• ASSIGNMENT:
The line containing "Gold zodiac charm" and each line after it, through the final line of the data, are to be retyped exactly, with pictures left out.

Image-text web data
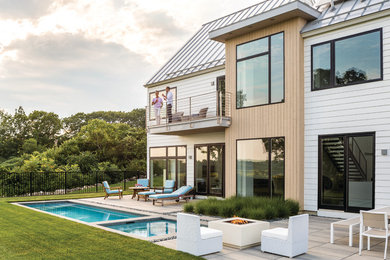 Photo of a contemporary backyard patio in Portland Maine with a fire feature, concrete pavers and no cover.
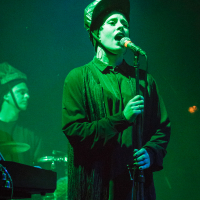 A singer in a dark costume and headpiece performs onstage under green lighting at Piens Fest 2014, gripping a microphone with both hands. A drummer in similar attire is visible in the background, playing on a drum set. The scene conveys a dark, moody atmosphere, enhanced by the stage lighting.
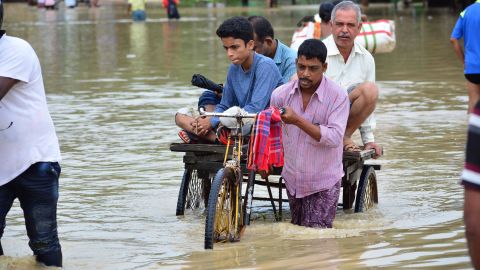 An Indian rickshaw puller transports commuters on a flooded street in the Indian state of Tripura, on July 14, 2019.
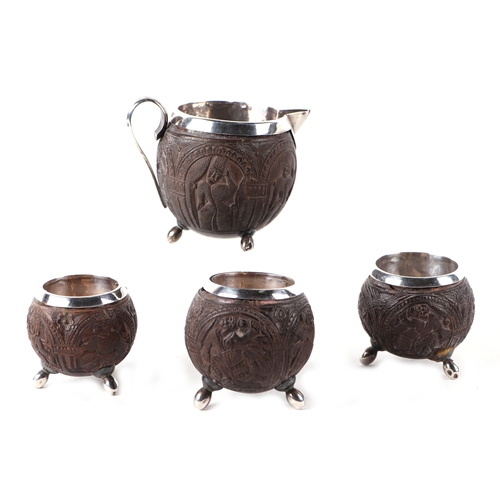 503 - Three white metal mounted coconut cups and matching jug; together with a boxed silver fork & spoon s... 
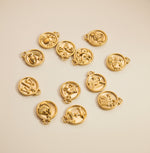 Gold zodiac charm pendants on a textured white background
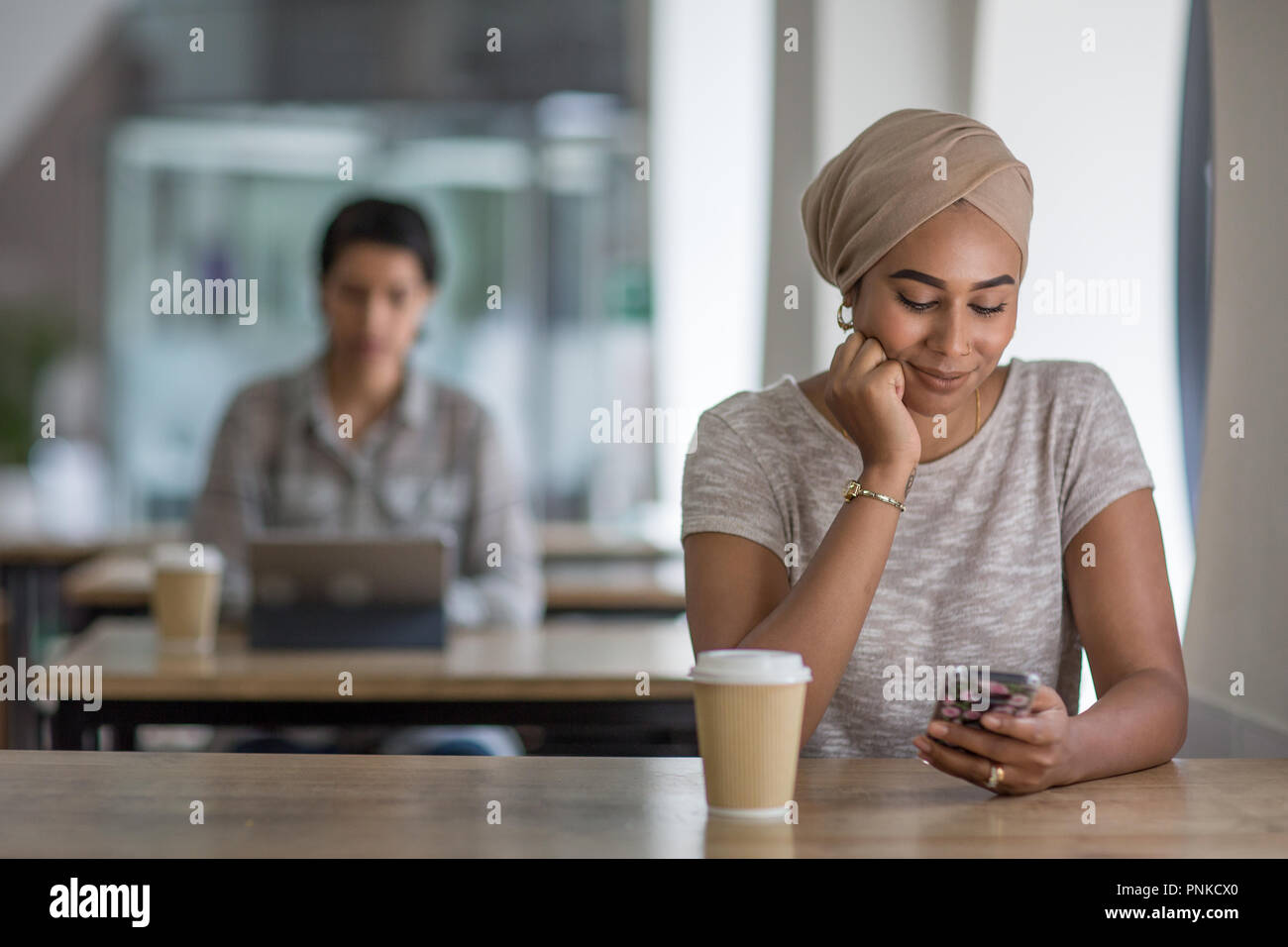 Young adult Muslim female using a smartphone in a cafe Stock Photo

• TASK ANSWER:
 Gold zodiac charm pendants on a textured white background
 Young adult Muslim female using a smartphone in a cafe Stock Photo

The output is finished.